DATASET ENTRIES:
────────────────────

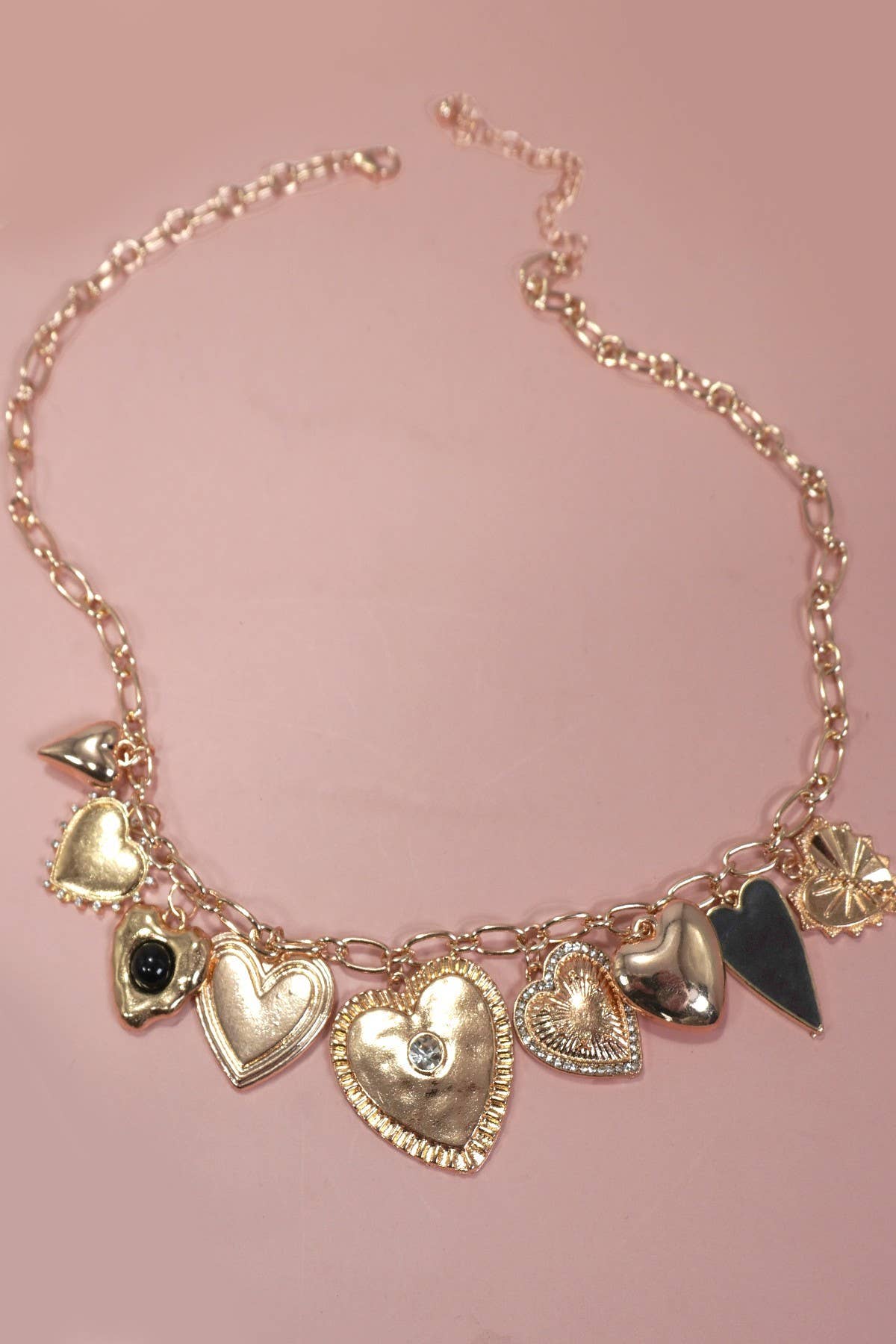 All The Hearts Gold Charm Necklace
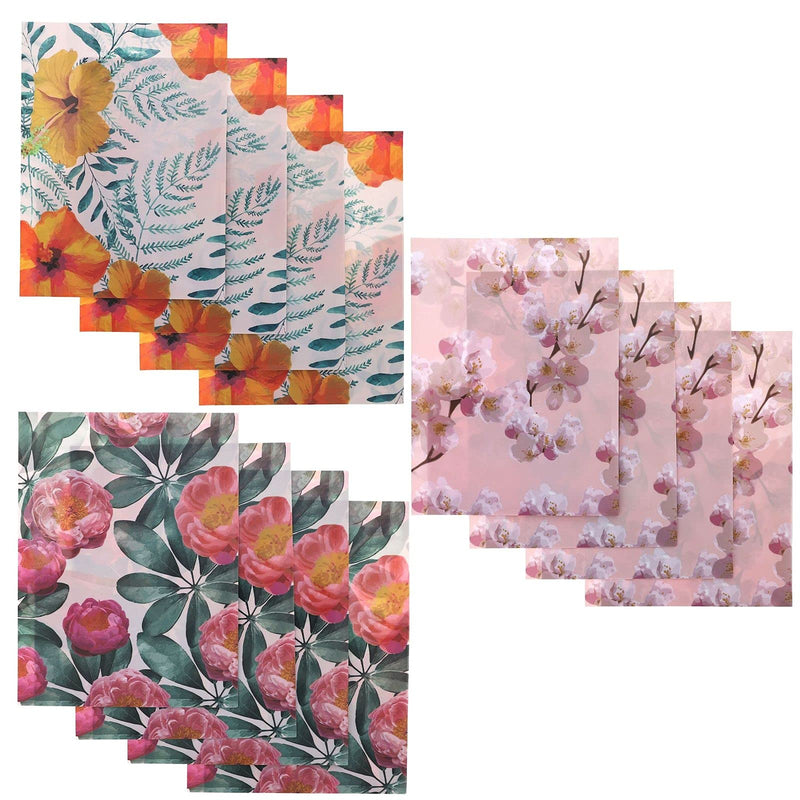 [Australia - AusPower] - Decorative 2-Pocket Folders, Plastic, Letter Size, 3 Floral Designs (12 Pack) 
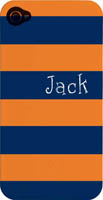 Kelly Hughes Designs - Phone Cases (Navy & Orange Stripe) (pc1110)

────────────────────

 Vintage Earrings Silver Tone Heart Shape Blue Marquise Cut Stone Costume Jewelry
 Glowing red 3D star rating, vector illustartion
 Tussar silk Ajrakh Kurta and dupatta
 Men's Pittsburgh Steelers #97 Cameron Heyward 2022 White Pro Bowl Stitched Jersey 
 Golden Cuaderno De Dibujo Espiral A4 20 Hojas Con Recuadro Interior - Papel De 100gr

────────────────────

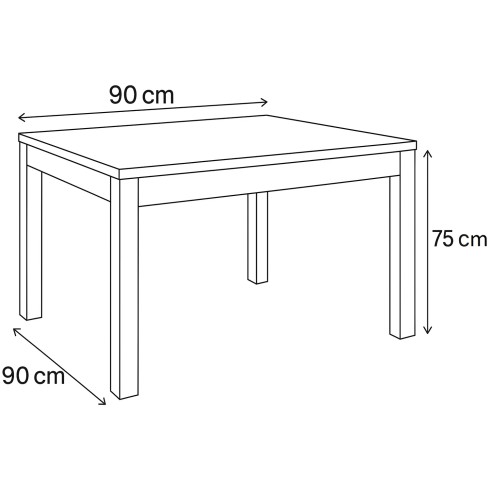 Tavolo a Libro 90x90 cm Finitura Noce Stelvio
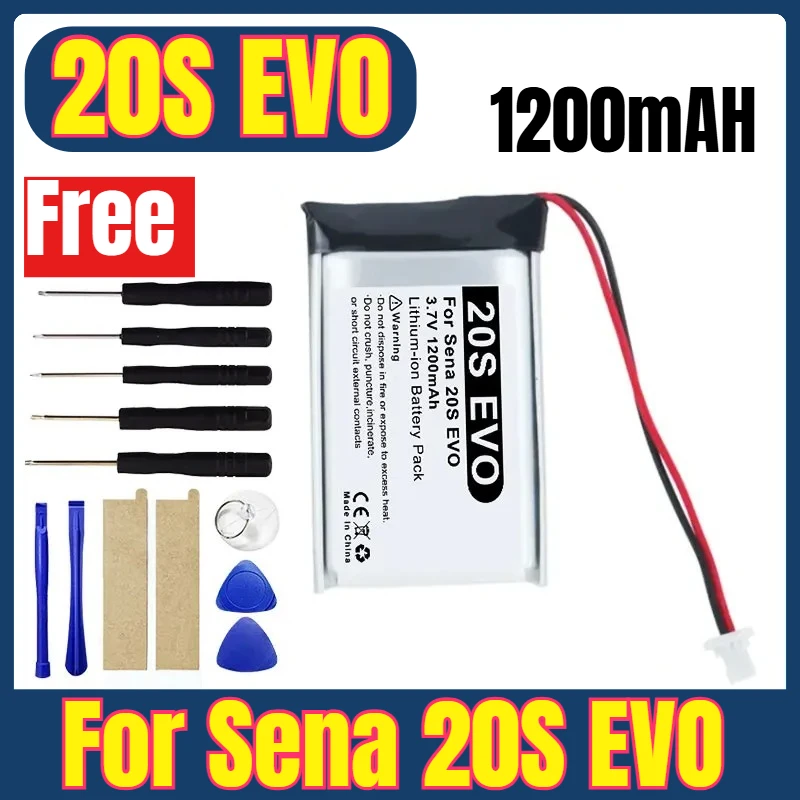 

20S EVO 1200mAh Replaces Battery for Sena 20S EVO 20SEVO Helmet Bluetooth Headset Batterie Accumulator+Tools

────────────────────

TASK PROMPT:
Pictures are to be left out. Write out only the lines above starting at the one with "All The Hearts Gold Charm Necklace" and ending at the one with "Kelly Hughes Designs", both lines included, exactly.

SOLUTION TO THE EXERCISE:
 All The Hearts Gold Charm Necklace
 [Australia - AusPower] - Decorative 2-Pocket Folders, Plastic, Letter Size, 3 Floral Designs (12 Pack) 
 Kelly Hughes Designs - Phone Cases (Navy & Orange Stripe) (pc1110)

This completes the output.